#### Task to complete
Copy the records below exactly, from the line containing "Outdoor kitchen with" through the last line, and leave out every picture.

[Input material]

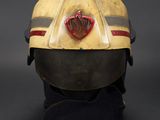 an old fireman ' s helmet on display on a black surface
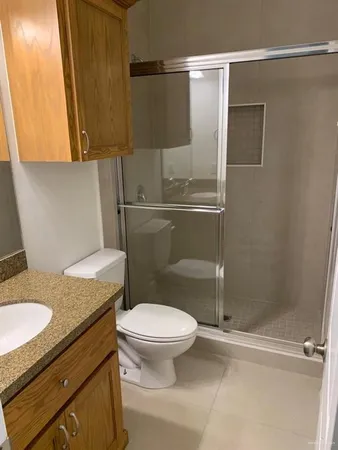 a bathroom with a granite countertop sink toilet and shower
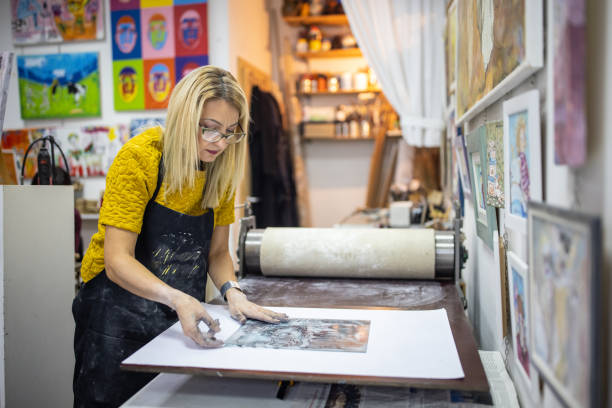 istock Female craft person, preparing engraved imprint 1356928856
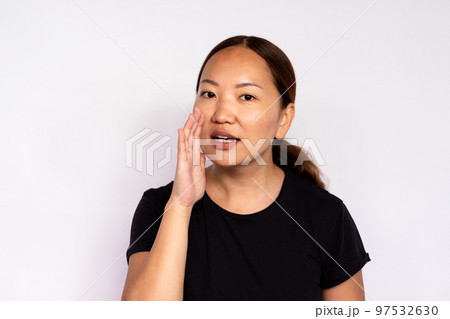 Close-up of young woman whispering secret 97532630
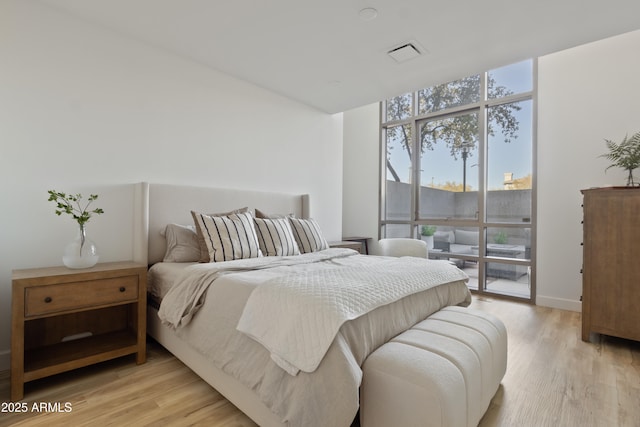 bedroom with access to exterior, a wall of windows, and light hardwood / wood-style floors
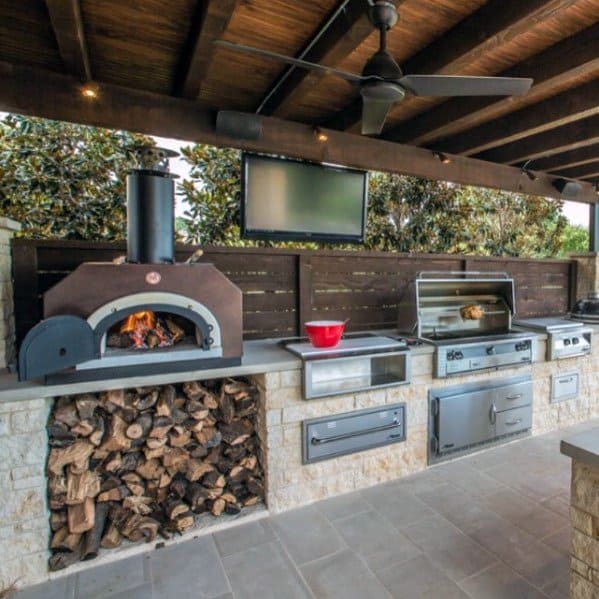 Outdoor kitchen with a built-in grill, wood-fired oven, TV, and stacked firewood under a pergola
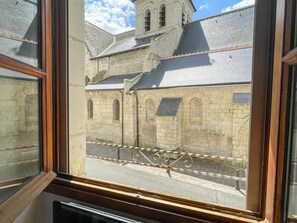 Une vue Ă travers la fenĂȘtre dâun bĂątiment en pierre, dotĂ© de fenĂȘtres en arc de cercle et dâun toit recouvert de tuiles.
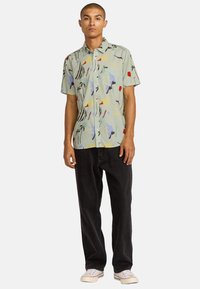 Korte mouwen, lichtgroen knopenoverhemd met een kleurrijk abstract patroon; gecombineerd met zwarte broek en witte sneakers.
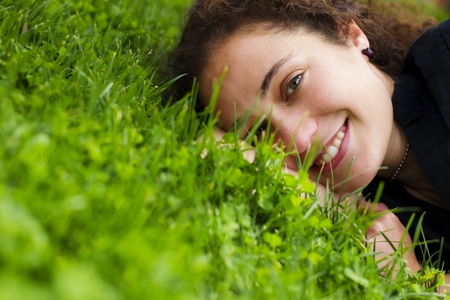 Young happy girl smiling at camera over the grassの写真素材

[/Input material]

#### Response
 Outdoor kitchen with a built-in grill, wood-fired oven, TV, and stacked firewood under a pergola
 Une vue Ă travers la fenĂȘtre dâun bĂątiment en pierre, dotĂ© de fenĂȘtres en arc de cercle et dâun toit recouvert de tuiles.
 Korte mouwen, lichtgroen knopenoverhemd met een kleurrijk abstract patroon; gecombineerd met zwarte broek en witte sneakers.
 Young happy girl smiling at camera over the grassの写真素材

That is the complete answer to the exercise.